The majority of the parties at Stormont, including Sinn Fein, the Alliance Party and the SDLP, are in favour of the protocol but unionist parties are opposed to it.
However, Stormont remains in stalemate because the DUP says it will not support the return of the devolved government until its concerns around the protocol are addressed.
New legislation being proposed by the British Government, which it claims will allow ministers to change parts of the protocol agreement, received initial approval from MPs at the House of Commons last week.
However, there is no clear indication as to when, or if, the proposed Northern Ireland Protocol Bill will become law or how long this process could take.
If the Assembly is not back up and running by the end of October, Secretary of State Brandon Lewis is legally required to call another election.
Mr Habib has urged the DUP not to go back into Stormont until their concerns are addressed.
When asked how he could support the Northern Ireland Assembly remaining in limbo amid issues such as huge healthcare waiting lists and the cost-of-living crisis, he said all those issues could be dealt with at Westminster.
Mr Habib said he accepted the majority of parties at Stormont support the protocol.
“The democratic process in Northern Ireland produced an Assembly in which the major party is pro the protocol and I think Boris Johnston is culpable in this. I think Boris Johnston actually wants this. I think Boris Johnston couldn’t care less about Northern Ireland. I think he sees it, as so many other British politicians do, as a deficit economy from which the Conservative Party does not benefit at all because it has got no seats.
“The only thing he wants is Stormont up and running and then he can say well you know Stormont is majority Sinn Fein now. They are pro protocol and the next thing you know Michelle O’Neill will be asking for a border poll and then Boris Johnston will shrug his shoulders and say well we better give them a border poll.
“You could just see the ineptitude and the lack of care of the British government, letting this thing just slide out of control and that’s what Boris Johnston is doing and this Northern Ireland Protocol Bill doesn’t help bringing it back at all.”
Last week, Tanaiste Leo Varadkar accused the British Government of being “disrespectful” and “undemocratic” in proposing to unilaterally change parts of the protocol.
However, Mr Habib criticised the Irish Government for its stance on the protocol.
“I think the Irish government have behaved really badly. If you think that customs checks on the island of Ireland are intolerable under the terms of the Good Friday Agreement then you must always conclude, given the east-west dimension of that agreement, that customs checks down the Irish Sea would equally be intolerable.

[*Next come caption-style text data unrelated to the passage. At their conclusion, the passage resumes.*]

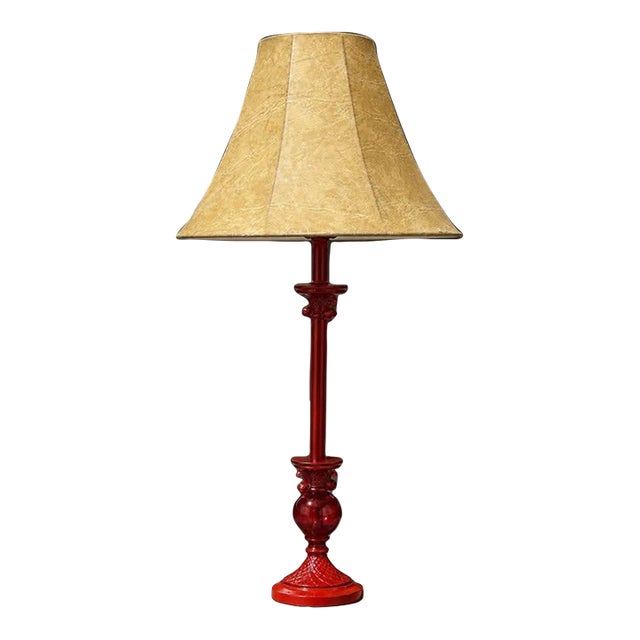 Vintage Style Red Table Lamp With Beige Fabric Shade For Sale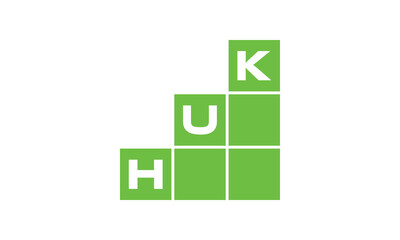 HUK initial letter financial logo design vector template. economics, growth, meter, range, profit, loan, graph, finance, benefits, economic, increase, arrow up, grade, grew up, topper, company, scale - obrazy, fototapety, plakaty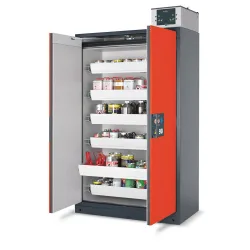 asecos® Brandschutzschrank Q-PEGASUS/Typ 90, 4 Auszugswannen, HxBxT 1.953 x 893 x 615 mm, enzianblau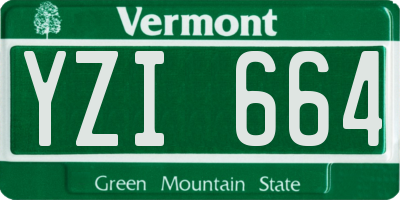 VT license plate YZI664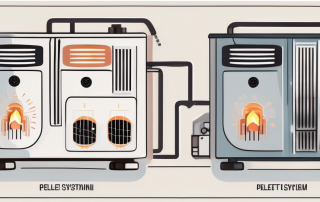 A pellet heating system and a heat pump side by side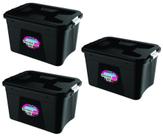 Kit 3 Caixas Organizadoras Preta 56 L Com Travas Pp Uninjet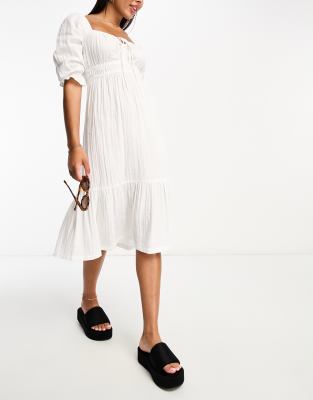 IIsla & Bird puff sleeve midi beach summer dress in white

"You cannot say that a border on the island of Ireland is intolerable but a border down the Irish Sea isn’t because the north-south dimension and the east-west dimension are of equal importance in the Good Friday Agreement and that is the fallacy of the Republic of Ireland government’s position.
“I think that people like Simon Coveney need to be more honest about it. I mean what really ought to happen is there should be no bloody checks either way between Northern Ireland and the Republic of Ireland and trucks should be allowed to go back and forth as much as they like as they are at the moment and they should just be required to declare what they are carrying and that’s it.”
Asked why he was providing financial support to unionist parties in Northern Ireland, the former Brexit MEP said he wanted to keep the United Kingdom intact.
“I think our government has done something which no government has ever done before which is to partition itself. This might sound emotive but we have allowed ourselves to be partitioned without a single shot fired. It has never happened in history before.
“This is the United Kingdom. 1.8 million people, our people, are on a different footing to the rest of the United Kingdom and that just isn’t right.”